Putting it all together
The table below shows all of the policies that effect a hypothetical user, Bob Smith. He has 5 policies: 1 explicit, 2 dynamic group, and 2 organizational policies. There is 1 setting with Enforce enable and 1 setting with Inherit enabled. The first 4 settings are from the Mail settings and the last one is from the Traveler settings document.
| Required Change Interval | Assigned vault | Warning Period | Allowed Grace Period | Low Battery Threshold |
Explicit: "Relaxed Logins" | 120 days | Don't Set | Don't Set | 120 days, INHERIT | Don't Set |
Dynamic: "Executives", Precedence 2 | N/A | /ExecutivesVault | Don't Set | Don't Set | 20% |
Dynamic: "Mobil", Precedence 3 | N/A | N/A | Don't Set | Don't Set | 10 % |
Organizational: */Europe/IBM | N/A | N/A | 14 days | 90 days | N/A |
Organizational: */IBM | 90 days, ENFORCE | N/A | 21 days | N/A | N/A |
The first step in determining the effective policy is to resolve the hierarchies of which there is only one in this example. */IBM and */Europe/IBM. Resolving that results in the next table:
| Required Change Interval | Assigned vault | Warning Period | Allowed Grace Period | Low Battery Threshold |
Explicit: "Relaxed Logins" | 120 days | Don't Set | Don't Set | 120 days, INHERIT | Don't Set |
Dynamic: "Executives", Precedence 2 | N/A | /ExecutivesVault | Don't Set | Don't Set | 20% |
Dynamic: "Mobil", Precedence 3 | N/A | N/A | Don't Set | Don't Set | 10 % |
Organizational | 90 days, ENFORCE | N/A | 14 days | 90 days | N/A |
In the above table, the "Enforce Password Expiration" is kept because of the Enforce setting. The Warning Period setting is kept because the "*/Europe/IBM" policy has higher precedence than "*/IBM".
The second step is to resolve the group precedence between the "Executives" and "Mobil" group. This results in the next table:
| Required Change Interval | Assigned vault | Warning Period | Allowed Grace Period | Low Battery Threshold |
Explicit: "Relaxed Logins" | 120 days | Don't Set | Don't Set | 120 days, INHERIT | Don't Set |
Dynamic | N/A | /ExecutivesVault | Don't Set | Don't Set | 20% |
Organizational | 90 days, ENFORCE | N/A | 14 days | 90 days | N/A |
In the above table, the "Low Battery Threshold" is kept because the "Executives" group has higher precedence than "Mobil".

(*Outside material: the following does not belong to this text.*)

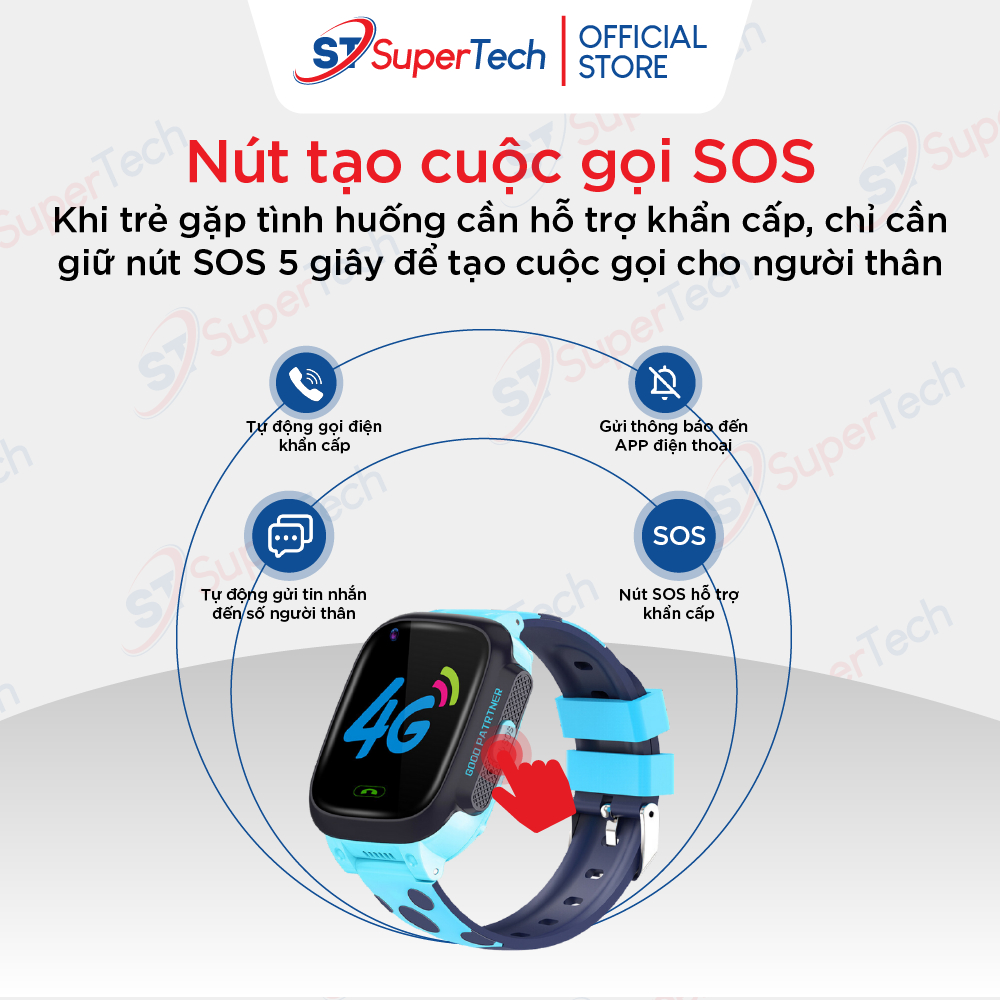 Đồng hồ định vị, đồng hồ thông minh trẻ em SuperTech Y95 lắp sim nghe gọi video 4G, kết nối wifi, định vị, chống nước | BigBuy360 - bigbuy360.vn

Lastly, the precedence among the three levels needs to be resolved:
| Required Change Interval | Assigned vault | Warning Period | Allowed Grace Period | Low Battery Threshold |
Bob Smith's effective policy | 90 days | /ExecutivesVault | 14 days | 90 days | 20% |
Conclusion:
Hopefully, this article has been helpful in explaining how the different policies and the factors that effect them combine to form the effective policy for a user. In the future, look for other articles that take a different approach, namely, how to put together a combination of policies to solve different administrative scenarios. Also, in this article the How To Apply feature was not discussed. That is because it is somewhat different from precedence. Look for an article on that in the future.